The world economy has proven more resilient than expected despite acute strains from multiple shocks, the head of the International Monetary Fund said on Wednesday, forecasting only a slight slowing of global growth this year and in 2026.
IMF Managing Director Kristalina Georgieva said recent economic data showed a softening in the U.S. economy, but it had dodged a recession feared by many experts just six months ago.
The U.S. economy and many others had held up, given better policies, a more adaptable private sector, less severe import tariffs than feared - at least for now - and supportive financial conditions, she told an event hosted by the Milken Institute in Washington.
"We see global growth slowing only slightly this year and next. All signs point to a world economy that has generally withstood acute strains from multiple shocks," Georgieva said in a preview of the IMF's upcoming World Economic Outlook to be released next Tuesday during the annual meetings of the IMF and the World Bank.

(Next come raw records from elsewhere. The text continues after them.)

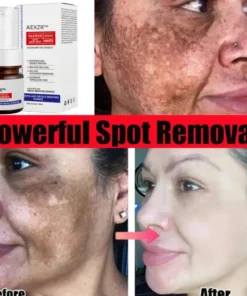AEXZR™ Vitamin C Whitening Freckles Face Cream Remove Melasma Dark Spots Lighten Melanin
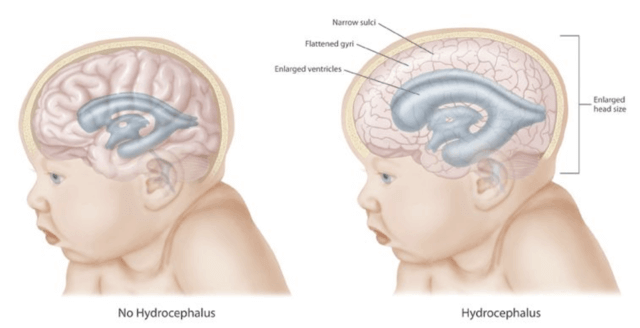 learning disability hydrocepahlus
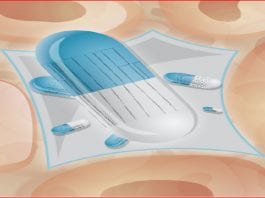 cancer de la prostate - Capture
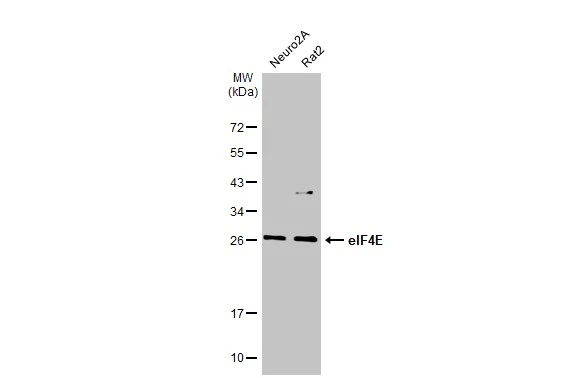 Various whole cell extracts (30 μg) were separated by 12% SDS-PAGE, and the membrane was blotted with eIF4E antibody [HL1554] (GTX637029) diluted at 1:1000. The HRP-conjugated anti-rabbit IgG antibody (GTX213110-01) was used to detect the primary antibody.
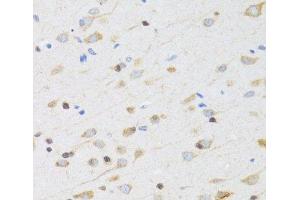 Immunohistochemistry of paraffin-embedded Rat brain using CHRM5 Polyclonal Antibody at dilution of 1:100 (40x lens). (CHRM5 anticorps)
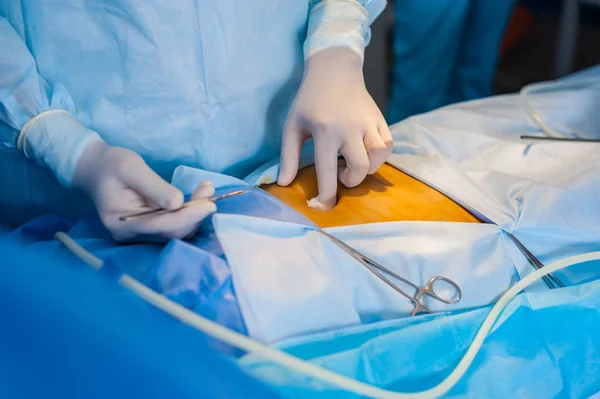 L'opération utilisant l'endoscope en gynécologie — Photo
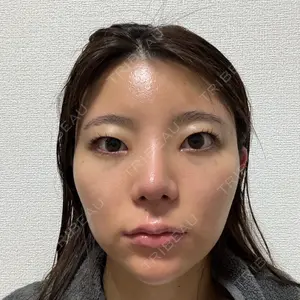 口コミ
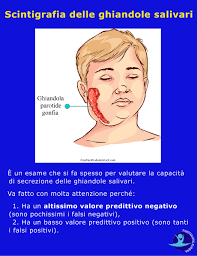 La sindrome di sjögren è una malattia autoimmune sistemica coinvolgente le ghiandole esocrine, caratterizzata da un infiltrato linfoplasmocellulare che conduce alla la prevalenza della sindrome di sjögren nella popolazione generale non è stata ancora precisamente valutata: Sindrome Di Sjogren E Dolori Muscolari Sintomi E Terapia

In July, the IMF raised its global growth forecast by 0.2 percentage point to 3.0% for 2025 and by 0.1 percentage point to 3.1% for 2026.
Georgieva told Reuters in an interview the fresh outlook would reflect a small downward revision from the 3.2% growth forecast last October, but gave no exact numbers.
"What we are seeing is demonstrable resilience in the world," she said. "But we are also saying it is a time of exceptional uncertainty and downside risks are still dominating the forecast. So watch it, don't get too comfortable."
Next week's gathering takes place at a time when President Donald Trump has upended global trade with steep tariffs and cracked down on immigration, and artificial intelligence is rapidly transforming technology and the outlook for labor.
The world economy is doing "better than feared, but worse than needed," Georgieva said in her speech, noting the IMF was forecasting global growth of roughly 3% over the medium-term, well below the 3.7% forecast before the COVID-19 pandemic.